▸ **What is needed**
Word for word, print each record, dropping any image it holds.

▸ **Dataset extract**

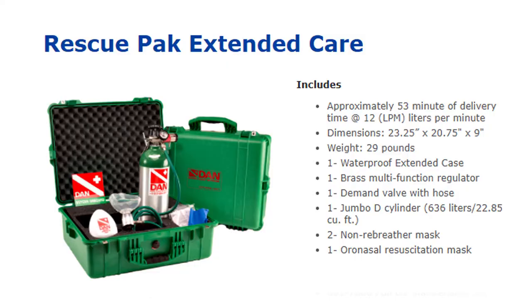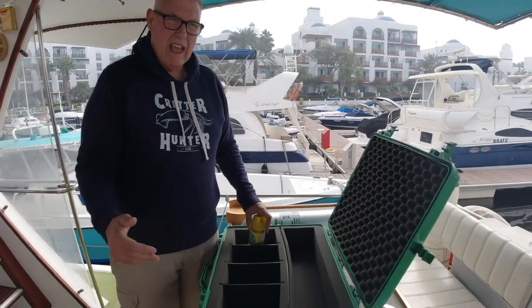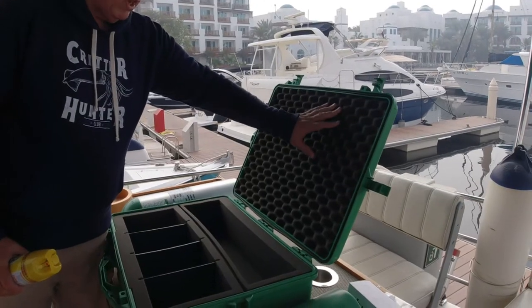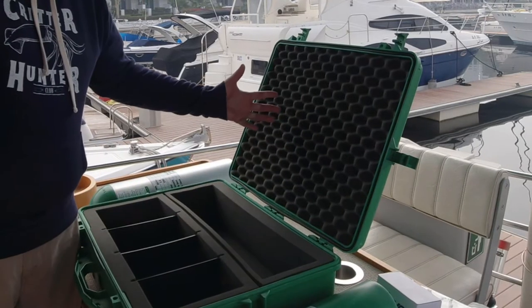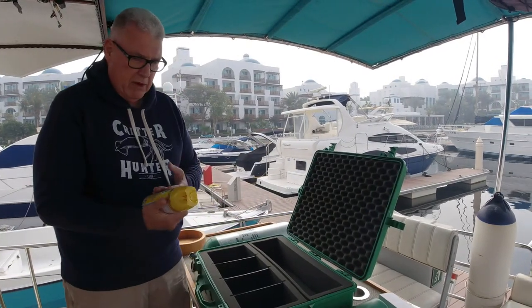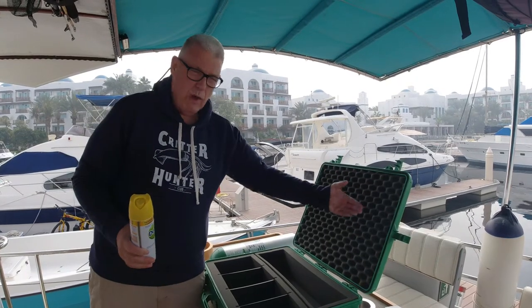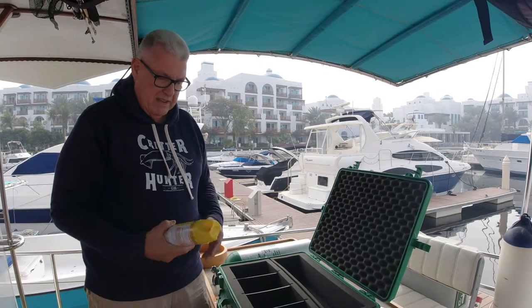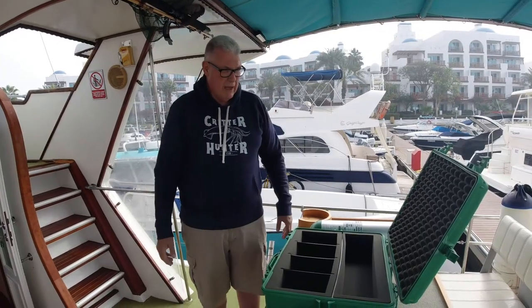The kit we've got is the DAN Rescue Pack Extended Care — the 1994 version. You can see here all the components. I've added some extra items, but we'll start with the box. This foam was in good condition but a bit smelly; it hadn't been dried out so we washed it fully with detergent. It took a couple of days to dry out and then we sanitized it — just spray it and leave it. Every time you check the box, take everything out and let the box air. If it's wet, wash with detergent, let the foam dry in the sun or a warm room, then give it a spray with Lysol or Dettol.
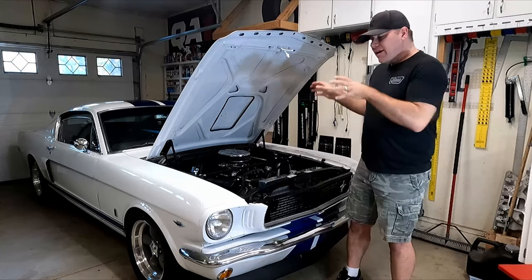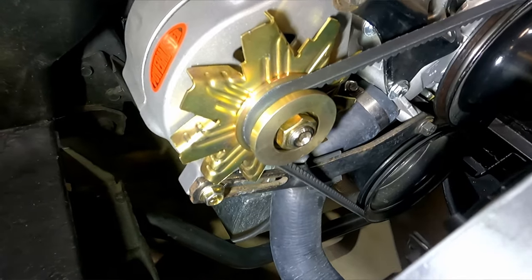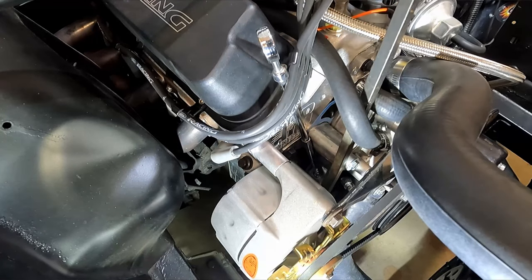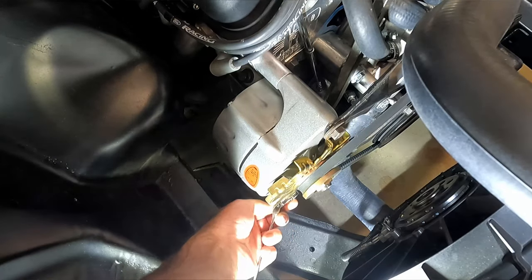What's up guys, my name is Andy. On my '66 Mustang, I have that factory alternator adjustment bracket where when you go to tighten the belt with your alternator, you gotta stick a pry bar in there and crank it over to the side so that you can tighten that 9/16 bolt on the bottom to get that belt tight enough.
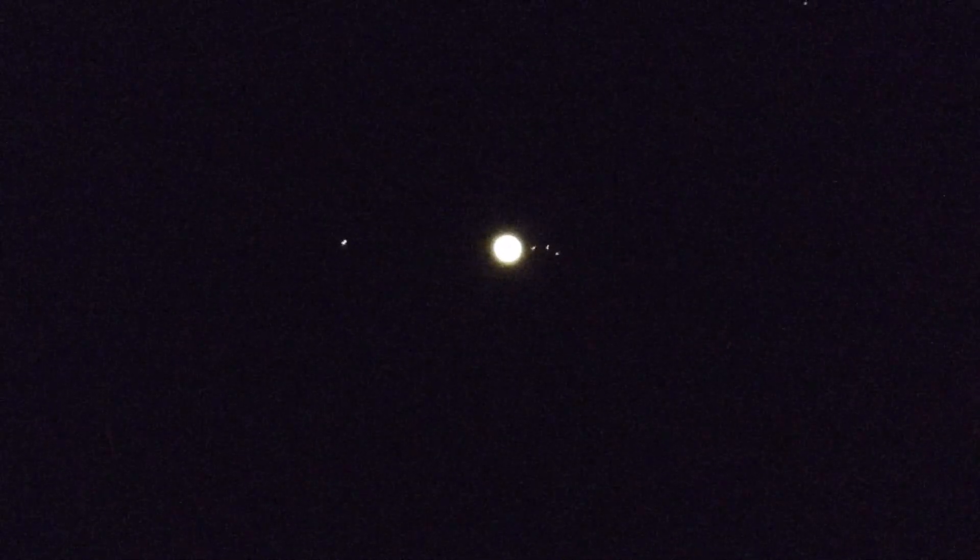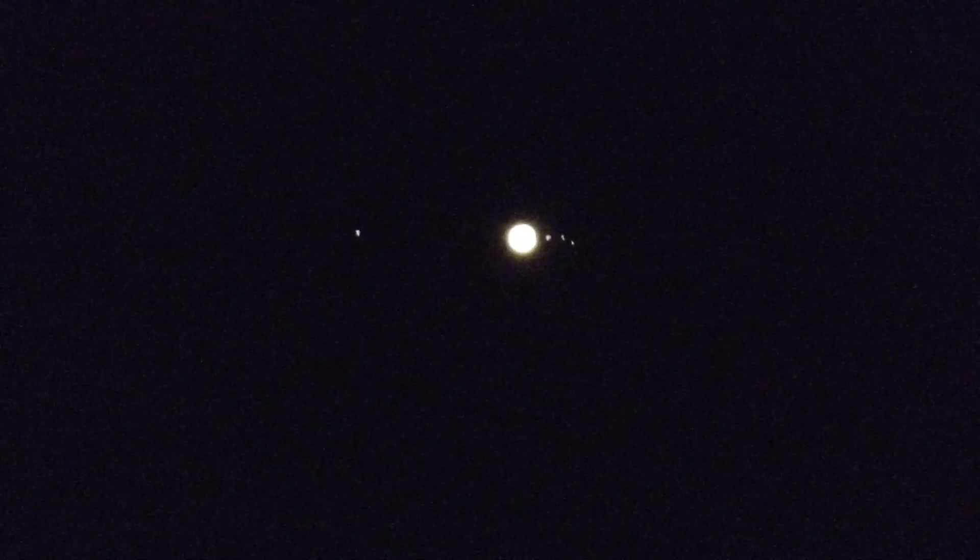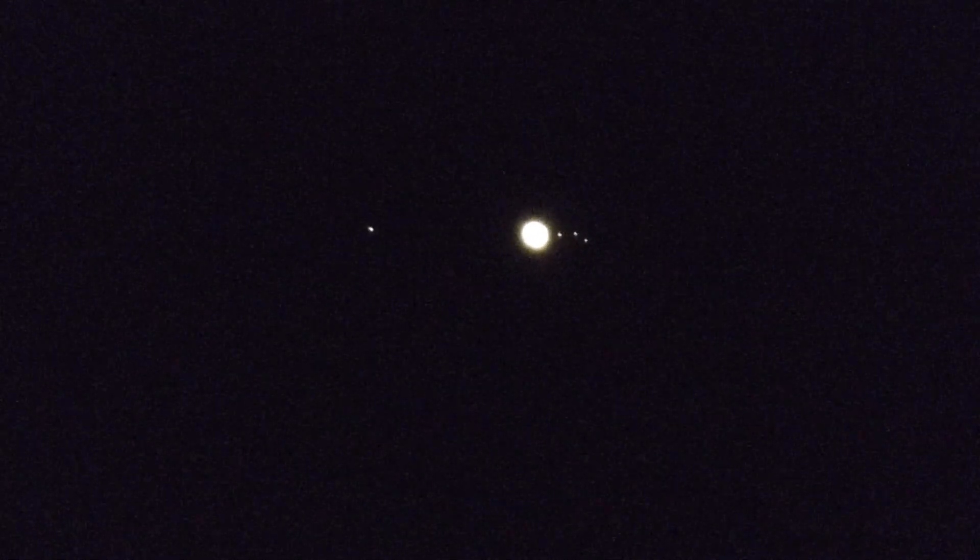Here's Jupiter and its moons, and I'm shooting this with a Nikon Coolpix P1000. I've got it set to manual focus, so I've focused on Jupiter and its four more visible moons.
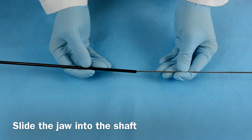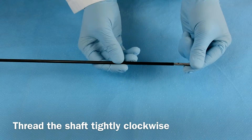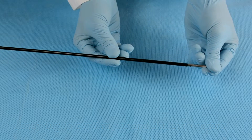To assemble, slide the jaw insert into the insulated shaft, then hold the jaw as you thread the shaft tightly clockwise. Confirm assembly by gently tugging on the jaw and the shaft. Both pieces should be secured into place.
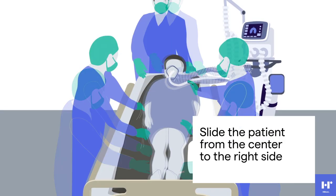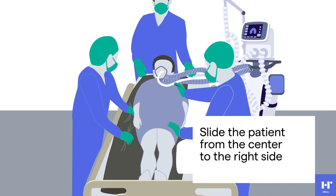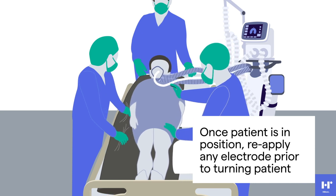On a count of three, the team will slide the patient from the center of the bed to the right side of the bed. Once the patient is in position at the side of the bed, the care team may reapply any electrodes that were in place prior to turning the patient to the prone position.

▸ **Task answer**
The kit we've got is the DAN Rescue Pack Extended Care — the 1994 version. You can see here all the components. I've added some extra items, but we'll start with the box. This foam was in good condition but a bit smelly; it hadn't been dried out so we washed it fully with detergent. It took a couple of days to dry out and then we sanitized it — just spray it and leave it. Every time you check the box, take everything out and let the box air. If it's wet, wash with detergent, let the foam dry in the sun or a warm room, then give it a spray with Lysol or Dettol.
What's up guys, my name is Andy. On my '66 Mustang, I have that factory alternator adjustment bracket where when you go to tighten the belt with your alternator, you gotta stick a pry bar in there and crank it over to the side so that you can tighten that 9/16 bolt on the bottom to get that belt tight enough.
Here's Jupiter and its moons, and I'm shooting this with a Nikon Coolpix P1000. I've got it set to manual focus, so I've focused on Jupiter and its four more visible moons.
To assemble, slide the jaw insert into the insulated shaft, then hold the jaw as you thread the shaft tightly clockwise. Confirm assembly by gently tugging on the jaw and the shaft. Both pieces should be secured into place.
On a count of three, the team will slide the patient from the center of the bed to the right side of the bed. Once the patient is in position at the side of the bed, the care team may reapply any electrodes that were in place prior to turning the patient to the prone position.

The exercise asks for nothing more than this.